Goal of the exercise: Please state how many lines of the data below contain the word "Formula", offering nothing besides the number.
=-=-=
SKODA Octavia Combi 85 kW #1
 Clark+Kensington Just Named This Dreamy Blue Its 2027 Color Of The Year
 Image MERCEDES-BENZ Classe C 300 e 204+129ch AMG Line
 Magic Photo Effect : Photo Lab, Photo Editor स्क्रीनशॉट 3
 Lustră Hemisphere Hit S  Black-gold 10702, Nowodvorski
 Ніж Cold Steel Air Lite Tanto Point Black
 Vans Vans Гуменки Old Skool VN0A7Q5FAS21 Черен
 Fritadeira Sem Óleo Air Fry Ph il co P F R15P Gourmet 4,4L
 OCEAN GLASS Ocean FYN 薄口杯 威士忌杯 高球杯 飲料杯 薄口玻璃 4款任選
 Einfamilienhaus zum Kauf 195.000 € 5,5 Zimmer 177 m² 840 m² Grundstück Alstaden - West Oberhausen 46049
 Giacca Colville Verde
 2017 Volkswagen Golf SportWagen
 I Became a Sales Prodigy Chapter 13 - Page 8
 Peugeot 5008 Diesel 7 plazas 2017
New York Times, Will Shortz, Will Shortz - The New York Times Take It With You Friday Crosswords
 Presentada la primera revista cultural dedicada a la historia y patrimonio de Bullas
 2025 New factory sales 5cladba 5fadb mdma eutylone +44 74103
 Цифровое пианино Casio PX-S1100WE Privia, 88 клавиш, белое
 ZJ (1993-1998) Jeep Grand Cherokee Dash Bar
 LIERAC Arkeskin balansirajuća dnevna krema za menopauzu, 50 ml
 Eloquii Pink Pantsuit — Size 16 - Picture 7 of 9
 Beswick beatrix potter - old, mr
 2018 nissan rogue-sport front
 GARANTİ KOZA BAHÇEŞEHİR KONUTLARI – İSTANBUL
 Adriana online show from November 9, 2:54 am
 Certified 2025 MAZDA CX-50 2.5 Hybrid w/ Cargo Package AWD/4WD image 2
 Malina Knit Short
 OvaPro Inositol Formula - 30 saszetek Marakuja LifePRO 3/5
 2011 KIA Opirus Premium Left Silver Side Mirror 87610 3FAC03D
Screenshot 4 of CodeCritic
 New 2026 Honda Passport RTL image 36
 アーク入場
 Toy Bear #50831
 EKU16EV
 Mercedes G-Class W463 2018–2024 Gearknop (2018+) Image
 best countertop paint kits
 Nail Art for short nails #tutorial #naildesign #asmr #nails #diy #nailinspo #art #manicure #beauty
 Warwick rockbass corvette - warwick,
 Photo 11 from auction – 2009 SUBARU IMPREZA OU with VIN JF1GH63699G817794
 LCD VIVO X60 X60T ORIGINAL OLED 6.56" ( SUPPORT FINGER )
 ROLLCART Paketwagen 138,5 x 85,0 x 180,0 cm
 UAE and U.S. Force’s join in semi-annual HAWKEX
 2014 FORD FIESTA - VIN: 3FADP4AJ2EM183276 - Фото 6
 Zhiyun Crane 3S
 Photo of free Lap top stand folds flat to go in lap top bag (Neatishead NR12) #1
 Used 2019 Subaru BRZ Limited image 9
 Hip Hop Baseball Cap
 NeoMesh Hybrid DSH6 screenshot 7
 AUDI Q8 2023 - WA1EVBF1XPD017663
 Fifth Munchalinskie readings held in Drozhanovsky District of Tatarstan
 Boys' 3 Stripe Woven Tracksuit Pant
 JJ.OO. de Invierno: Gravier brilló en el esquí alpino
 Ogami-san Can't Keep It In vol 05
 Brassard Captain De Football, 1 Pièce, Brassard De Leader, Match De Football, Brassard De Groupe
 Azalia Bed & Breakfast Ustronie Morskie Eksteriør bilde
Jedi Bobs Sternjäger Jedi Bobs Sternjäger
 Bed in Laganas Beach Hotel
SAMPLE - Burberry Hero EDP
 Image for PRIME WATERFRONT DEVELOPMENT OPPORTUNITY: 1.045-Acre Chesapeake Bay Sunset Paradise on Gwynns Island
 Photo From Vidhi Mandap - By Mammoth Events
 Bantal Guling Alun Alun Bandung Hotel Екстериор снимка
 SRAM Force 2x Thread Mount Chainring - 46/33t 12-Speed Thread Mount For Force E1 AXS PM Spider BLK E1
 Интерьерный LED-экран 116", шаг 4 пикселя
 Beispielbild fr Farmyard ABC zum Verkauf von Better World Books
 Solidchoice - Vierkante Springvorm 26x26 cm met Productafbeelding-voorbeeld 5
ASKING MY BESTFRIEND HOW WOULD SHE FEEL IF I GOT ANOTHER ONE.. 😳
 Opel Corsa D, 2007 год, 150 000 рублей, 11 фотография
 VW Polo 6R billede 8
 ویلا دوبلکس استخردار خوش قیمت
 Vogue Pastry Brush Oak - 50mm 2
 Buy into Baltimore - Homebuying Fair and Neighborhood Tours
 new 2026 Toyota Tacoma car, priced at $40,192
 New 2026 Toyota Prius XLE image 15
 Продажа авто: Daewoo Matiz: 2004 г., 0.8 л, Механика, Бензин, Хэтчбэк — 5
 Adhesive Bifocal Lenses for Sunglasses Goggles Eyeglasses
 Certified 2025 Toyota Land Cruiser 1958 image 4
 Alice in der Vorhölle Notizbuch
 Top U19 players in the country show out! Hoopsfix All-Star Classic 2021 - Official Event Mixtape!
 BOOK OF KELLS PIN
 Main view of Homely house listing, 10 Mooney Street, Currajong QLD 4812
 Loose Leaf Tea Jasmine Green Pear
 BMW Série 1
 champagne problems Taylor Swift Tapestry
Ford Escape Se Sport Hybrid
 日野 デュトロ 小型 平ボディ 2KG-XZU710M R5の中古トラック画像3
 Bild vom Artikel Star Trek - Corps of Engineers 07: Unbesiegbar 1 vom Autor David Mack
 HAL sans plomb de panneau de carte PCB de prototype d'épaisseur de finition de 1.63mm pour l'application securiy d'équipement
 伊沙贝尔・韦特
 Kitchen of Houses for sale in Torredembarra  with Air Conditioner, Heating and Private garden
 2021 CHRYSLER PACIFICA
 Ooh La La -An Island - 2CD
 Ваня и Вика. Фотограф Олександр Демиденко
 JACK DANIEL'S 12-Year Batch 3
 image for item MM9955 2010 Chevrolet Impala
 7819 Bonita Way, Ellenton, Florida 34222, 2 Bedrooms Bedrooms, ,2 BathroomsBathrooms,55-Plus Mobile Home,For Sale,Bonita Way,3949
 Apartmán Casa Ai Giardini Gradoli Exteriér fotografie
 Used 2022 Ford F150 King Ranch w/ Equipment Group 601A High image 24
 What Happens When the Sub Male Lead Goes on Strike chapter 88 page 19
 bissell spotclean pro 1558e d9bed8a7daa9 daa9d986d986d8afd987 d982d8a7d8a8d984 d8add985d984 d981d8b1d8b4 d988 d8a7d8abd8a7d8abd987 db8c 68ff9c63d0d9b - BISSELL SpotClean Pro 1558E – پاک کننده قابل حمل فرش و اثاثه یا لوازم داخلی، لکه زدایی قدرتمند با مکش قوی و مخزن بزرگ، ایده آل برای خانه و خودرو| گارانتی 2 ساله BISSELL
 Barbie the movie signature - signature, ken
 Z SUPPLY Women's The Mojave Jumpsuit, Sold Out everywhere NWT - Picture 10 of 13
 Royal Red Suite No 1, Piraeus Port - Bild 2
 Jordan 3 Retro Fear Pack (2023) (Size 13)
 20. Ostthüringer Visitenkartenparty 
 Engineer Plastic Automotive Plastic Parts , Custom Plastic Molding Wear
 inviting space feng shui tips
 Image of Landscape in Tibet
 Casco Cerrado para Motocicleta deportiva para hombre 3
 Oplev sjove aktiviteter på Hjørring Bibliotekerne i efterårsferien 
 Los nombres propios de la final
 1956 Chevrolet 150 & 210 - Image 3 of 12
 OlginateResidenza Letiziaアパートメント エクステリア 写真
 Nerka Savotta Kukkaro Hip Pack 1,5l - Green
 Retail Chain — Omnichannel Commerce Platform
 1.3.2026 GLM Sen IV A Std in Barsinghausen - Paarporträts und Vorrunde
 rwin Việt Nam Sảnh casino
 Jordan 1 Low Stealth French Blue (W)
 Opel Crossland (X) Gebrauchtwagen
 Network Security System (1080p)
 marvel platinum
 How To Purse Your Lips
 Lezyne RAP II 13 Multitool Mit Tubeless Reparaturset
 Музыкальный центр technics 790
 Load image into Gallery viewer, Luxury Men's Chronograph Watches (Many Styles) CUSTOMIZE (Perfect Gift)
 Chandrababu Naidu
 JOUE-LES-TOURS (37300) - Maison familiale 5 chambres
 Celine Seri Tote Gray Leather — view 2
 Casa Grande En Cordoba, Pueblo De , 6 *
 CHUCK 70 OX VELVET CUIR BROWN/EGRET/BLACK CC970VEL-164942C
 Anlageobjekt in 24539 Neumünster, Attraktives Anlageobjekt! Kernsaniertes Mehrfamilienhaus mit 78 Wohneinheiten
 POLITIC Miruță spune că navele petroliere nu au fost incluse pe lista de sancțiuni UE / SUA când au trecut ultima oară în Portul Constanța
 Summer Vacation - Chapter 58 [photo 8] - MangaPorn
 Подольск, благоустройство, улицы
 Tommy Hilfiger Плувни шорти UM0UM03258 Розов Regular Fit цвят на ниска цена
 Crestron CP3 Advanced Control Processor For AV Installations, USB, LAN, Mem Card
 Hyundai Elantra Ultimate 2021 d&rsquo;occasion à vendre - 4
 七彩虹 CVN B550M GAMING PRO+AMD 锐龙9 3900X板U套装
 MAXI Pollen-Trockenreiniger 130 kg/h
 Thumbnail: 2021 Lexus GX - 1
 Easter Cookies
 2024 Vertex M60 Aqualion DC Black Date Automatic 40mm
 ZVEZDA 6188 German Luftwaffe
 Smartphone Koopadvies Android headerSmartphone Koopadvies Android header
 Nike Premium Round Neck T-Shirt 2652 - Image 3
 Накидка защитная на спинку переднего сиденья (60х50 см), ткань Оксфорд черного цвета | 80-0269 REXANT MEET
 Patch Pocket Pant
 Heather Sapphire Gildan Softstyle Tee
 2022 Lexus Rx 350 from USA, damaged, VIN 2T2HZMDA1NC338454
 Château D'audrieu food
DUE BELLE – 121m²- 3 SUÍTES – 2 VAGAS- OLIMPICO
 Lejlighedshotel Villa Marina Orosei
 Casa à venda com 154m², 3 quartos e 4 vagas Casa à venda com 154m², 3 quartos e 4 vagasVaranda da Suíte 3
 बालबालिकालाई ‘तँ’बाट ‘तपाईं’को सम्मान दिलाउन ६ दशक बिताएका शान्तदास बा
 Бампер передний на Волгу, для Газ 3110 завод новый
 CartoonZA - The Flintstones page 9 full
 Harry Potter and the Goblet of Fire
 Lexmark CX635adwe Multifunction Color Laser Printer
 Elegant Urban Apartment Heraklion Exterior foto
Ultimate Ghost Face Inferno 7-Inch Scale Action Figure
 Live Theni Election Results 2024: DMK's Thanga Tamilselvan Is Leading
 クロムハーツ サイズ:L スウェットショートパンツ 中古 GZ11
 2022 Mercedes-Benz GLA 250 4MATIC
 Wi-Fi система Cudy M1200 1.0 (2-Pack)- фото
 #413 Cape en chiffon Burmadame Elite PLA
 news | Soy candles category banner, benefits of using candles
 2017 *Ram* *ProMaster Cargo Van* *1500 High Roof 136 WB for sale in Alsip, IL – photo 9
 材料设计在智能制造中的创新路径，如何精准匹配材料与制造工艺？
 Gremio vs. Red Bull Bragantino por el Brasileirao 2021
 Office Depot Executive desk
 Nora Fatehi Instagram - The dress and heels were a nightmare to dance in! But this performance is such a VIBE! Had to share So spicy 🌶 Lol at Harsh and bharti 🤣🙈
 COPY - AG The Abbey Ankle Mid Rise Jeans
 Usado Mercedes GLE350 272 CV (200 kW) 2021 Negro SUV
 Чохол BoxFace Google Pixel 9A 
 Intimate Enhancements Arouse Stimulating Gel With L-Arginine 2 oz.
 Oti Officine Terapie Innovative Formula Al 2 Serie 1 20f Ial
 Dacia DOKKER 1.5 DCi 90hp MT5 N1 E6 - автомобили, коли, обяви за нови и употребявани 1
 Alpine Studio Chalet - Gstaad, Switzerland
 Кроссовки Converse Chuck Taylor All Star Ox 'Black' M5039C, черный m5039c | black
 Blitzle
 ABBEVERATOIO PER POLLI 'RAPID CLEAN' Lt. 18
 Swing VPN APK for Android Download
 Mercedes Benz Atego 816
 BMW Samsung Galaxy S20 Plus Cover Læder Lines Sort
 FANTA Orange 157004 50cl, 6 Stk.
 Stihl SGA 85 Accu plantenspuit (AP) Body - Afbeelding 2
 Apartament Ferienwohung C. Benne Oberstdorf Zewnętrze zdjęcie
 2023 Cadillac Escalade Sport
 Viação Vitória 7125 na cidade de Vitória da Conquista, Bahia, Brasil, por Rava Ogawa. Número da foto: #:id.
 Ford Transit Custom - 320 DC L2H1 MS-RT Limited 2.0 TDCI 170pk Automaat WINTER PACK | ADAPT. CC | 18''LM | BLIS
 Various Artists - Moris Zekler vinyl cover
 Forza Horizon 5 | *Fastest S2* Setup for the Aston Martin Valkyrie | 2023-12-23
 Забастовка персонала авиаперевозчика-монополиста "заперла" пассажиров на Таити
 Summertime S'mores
=-=-=
Written reply: 2